A ‘sea change’ on mental health from the LSUC

The Law Society of Upper Canada’s governing body will vote on approving a new mental health strategy at its monthly meeting tomorrow.

If the strategy is approved, the law society will develop “a comprehensive and proactive” communication strategy for mental health and addiction awareness. The plan is to “focus on early, repeated and pervasive communication, education and attitudinal change,” says the LSUC's mental health task force report.

The proposed strategy also recommends looking into adopting diversion discipline programs for lawyers and paralegals with mental health issues. In Nova Scotia, for example, the barristers’ society’s Fitness to Practise program creates a separate hearing panel for licensees who suffer from mental health issues.

If the mental health strategy is implemented, the law society will also consider conducting capacity hearings, which determine whether a lawyer is mentally fit to practise law, in the absence of the public.

“The regulator is not an expert in mental health and cannot treat or remedy the illnesses or addictions of its licensees. It should, instead, have in place tools that will allow for diversion in the appropriate circumstances, with appropriate confidentiality protocols,” says the report.

In an e-mail to Legal Feeds, Doron Gold, staff clinician at Homewood Health, said he supports diversion programs and more discretion for capacity hearings.

“The irony we often face is that the people who most need help for issues that are not based in bad character or ill intention are the least open to admitting these conditions due to stigma and the fear that the regulator will brand them as unfit and beyond help,” said Gold.

“The more informed and discreet the regulator becomes around these issues, the better, and ultimately, more effective the process will be. We don’t want people who, if given access to appropriate assistance could practise well, avoid that assistance, and simply be labeled unfit or not entitled to practise,” he added.

Former Ontario Bar Association president Orlando Da Silva, who used his leadership at the OBA to bring attention to mental illness in the legal profession, says the proposed strategy is sign that the regulator has listened to advocates like him.

If the plan is implemented, “I think the law society will have succeeded in moving mountains,” says Da Silva.

“It will be a sea change in the way lawyers address their own mental health issues and it will be a sigh of relief for those who want to talk but are afraid to because of the stigma.”

Da Silva has spoken openly about his own struggles with mental illness, but “I had never expected to see a mental health strategy like this in my lifetime as a lawyer,” he says. “This doesn’t look like lip service to me; this looks like leadership.”

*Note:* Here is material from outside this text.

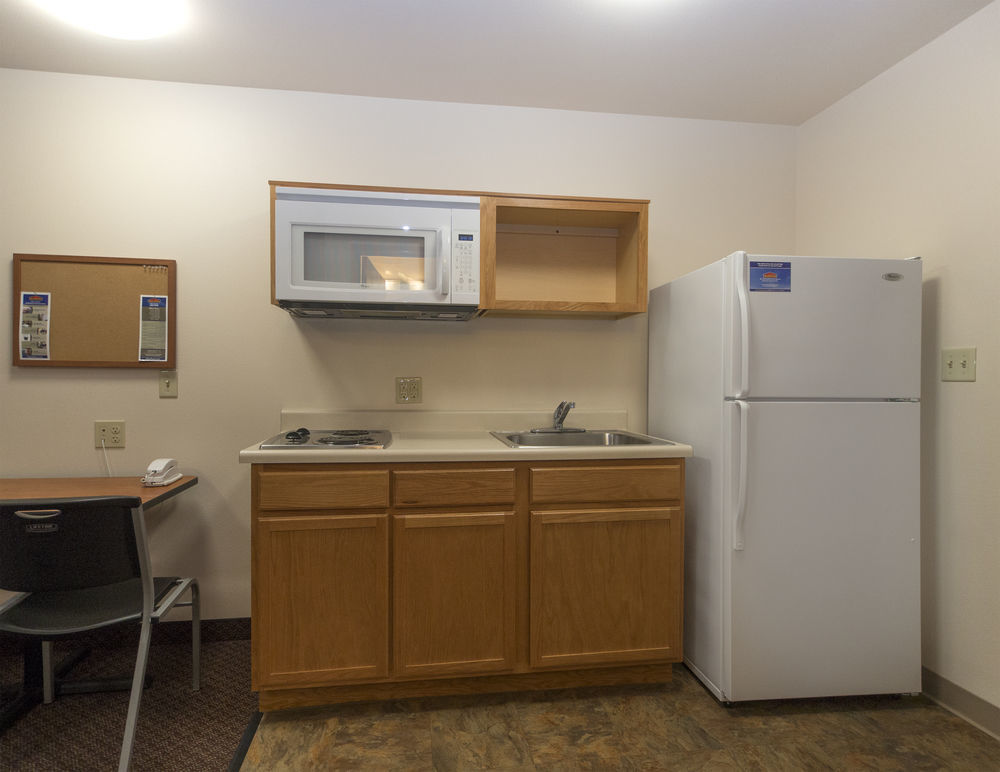 Woodspring Suites Louisville Clarksville Dış mekan fotoğraf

The proposed mental health strategy comes amid growing evidence that lawyers and other legal professionals may be at a higher risk of developing mental illness and addictions.

“The culture of and stressors on the legal professions raise barriers to openly addressing these issues for those who may be affected by them and those with whom they work and interact,” the law society report’s executive summary reads.

“The stigma surrounding mental illness and addictions, the too common confusion of diagnosis with impairment and the concerns that careers will be permanently and negatively affected by disclosure have a particular impact on lawyers’ and paralegals’ willingness to reveal such illness or addictions.”

If Convocations approves the strategy, the law society will provide “specialized training” for staff who interact with licensees on mental illness and addictions. Gold calls it a “fantastic idea” that’s long overdue.

“Note, for instance, the emphasis in the report on not assuming that unresponsiveness by a member under investigation amounts to ungovernability,” said Gold, who brought up this issue when he was consulted by the law society’s mental health task force.

“Often, unresponsiveness by members is simply overwhelming anxiety leading to avoidance of even opening law society correspondence. It is not ill intent but a kind of psychological paralysis.”

Also part of the strategy is looking into whether the law society should create a mental health model policy to educate law firms and other employers on the tools to promoting mental health and identifying “possible systemic causes within the legal professions’ culture and employment practices that engender or exacerbate these issues.”

Update April 28: The LSUC approved the new mental health strategy at its meeting of Convcation.